Yeah, yeah, I know, I should not have bought it...


----------



## Tex Gal

You take her out for dinner, tell her you have a project that you need her help with. If all else fails- remind her it was for better or worse... 

So... let's get down to business... Whacha gonna do with a 240g?...


----------



## Felf808

Explain to her that because the tank is big, you can make that much more money off of selling plant trimmings, livestock babies, and also less water changes.


----------



## TAB

build myself a coffen.

Discus or maybe a low light planted tank. I don't really know yet. at $200 for a tank that has just had water sit in it, I could not really say no.


----------



## Tex Gal

TAB said:


> build myself a coffen.


Ahhh.. come on... it can't be that bad! You are newlyweds after all!!


----------



## TAB

And I've not seen her for about month. She has been out of town for work/training. It really sucks.


----------



## Tex Gal

That's perfect! Tell her you missed her _so much_ you thought you had to do SOMETHING to keep yourself busy...

Hope she comes home soon!


----------



## TAB

middle of next week, she has 4 days off. no on call, no shifts, it will be her 1st days off since we were married. Its funny, worked slowed way down for me, and she is going non stop. 

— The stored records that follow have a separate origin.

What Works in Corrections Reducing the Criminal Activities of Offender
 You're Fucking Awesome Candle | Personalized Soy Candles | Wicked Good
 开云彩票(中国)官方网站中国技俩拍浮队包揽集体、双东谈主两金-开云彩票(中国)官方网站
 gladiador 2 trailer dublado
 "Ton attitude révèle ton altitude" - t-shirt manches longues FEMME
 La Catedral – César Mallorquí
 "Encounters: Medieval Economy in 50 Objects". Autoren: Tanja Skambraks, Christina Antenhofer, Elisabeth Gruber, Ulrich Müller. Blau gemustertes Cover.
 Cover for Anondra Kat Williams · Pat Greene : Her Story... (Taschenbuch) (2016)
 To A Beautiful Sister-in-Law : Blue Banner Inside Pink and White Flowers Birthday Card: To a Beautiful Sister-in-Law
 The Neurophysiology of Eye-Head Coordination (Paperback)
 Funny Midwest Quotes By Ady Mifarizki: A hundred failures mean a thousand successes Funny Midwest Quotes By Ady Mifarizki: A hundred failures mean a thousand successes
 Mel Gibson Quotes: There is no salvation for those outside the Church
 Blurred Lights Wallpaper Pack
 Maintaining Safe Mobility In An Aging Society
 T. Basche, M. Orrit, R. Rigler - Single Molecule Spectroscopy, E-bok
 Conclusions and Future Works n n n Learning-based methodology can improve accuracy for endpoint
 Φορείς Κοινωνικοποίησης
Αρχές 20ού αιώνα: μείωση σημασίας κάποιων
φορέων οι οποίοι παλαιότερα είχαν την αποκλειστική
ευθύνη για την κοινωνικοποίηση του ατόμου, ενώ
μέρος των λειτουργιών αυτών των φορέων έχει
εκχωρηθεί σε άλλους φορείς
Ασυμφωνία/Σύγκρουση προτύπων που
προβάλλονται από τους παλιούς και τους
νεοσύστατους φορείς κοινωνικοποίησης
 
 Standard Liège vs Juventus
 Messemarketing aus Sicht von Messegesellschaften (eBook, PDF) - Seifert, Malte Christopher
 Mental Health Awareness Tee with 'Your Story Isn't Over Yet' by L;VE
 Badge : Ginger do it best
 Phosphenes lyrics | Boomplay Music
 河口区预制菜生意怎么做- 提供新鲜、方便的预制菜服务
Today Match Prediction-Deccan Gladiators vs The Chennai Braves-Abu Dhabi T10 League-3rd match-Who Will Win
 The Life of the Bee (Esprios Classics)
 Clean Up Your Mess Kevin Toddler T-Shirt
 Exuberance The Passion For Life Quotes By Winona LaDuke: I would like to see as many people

Its funny, she makes ~ 3x what I do, yet I still bring home more. Her student loan payments are just nuts.


----------



## Avi

Look, she's bound to see the tank...just fess up and tell her your girlfriend didn't have room for it after she got the new hot tub.


----------



## TAB

I forgot how Heavy those SOBs were. took 4 guys to get it in and out of the truck.


----------



## TAB

well the wife will be home in about 30 mins.


----------



## Zapins

Hehe, what news from the front?


----------



## Tex Gal

Zapins - he's busy - he can't talk to you now!


----------



## TAB

Tex Gal said:


> Zapins - he's busy - he can't talk to you now!


sadly no, I had to carry her from the couch to the bed, she was so tired she didn't even wake up. Called her carpool partner, she said she had to work 28 hour strait, and was asleep in the car all the way home.


----------



## bigstick120

That could be good, remind her you carried her to bed before you show her the 240. When I talk about new tanks, my wife usually brings up new furniture, car, ect. New tanks cost me 2-3 times as much as anyone I know LOL!


----------



## Zapins

Heh heh heh TAB you have a unique opportunity here. I suggest you make use of it. The best way to let her know you have a new tank is to let her wake up _in_ the tank


----------



## TAB

Zapins said:


> Heh heh heh TAB you have a unique opportunity here. I suggest you make use of it. The best way to let her know you have a new tank is to let her wake up _in_ the tank


I would like to be able to goto sleep at night...


----------



## Tex Gal

What a good guy! This IS worth many many points!!! Take it from me. I've been happily married 32 years!


----------



## Zapins

Hehe I can just imagine the morning conversation... 

Wife: "Wtf am I doing in a giant fish tank?!!?"
TAB: "Honey... you know that mermaid fantasy I've been talking about??"


----------



## BryceM

You know, tread carefully. My wife threatened to bury me in the 180g tank more than once.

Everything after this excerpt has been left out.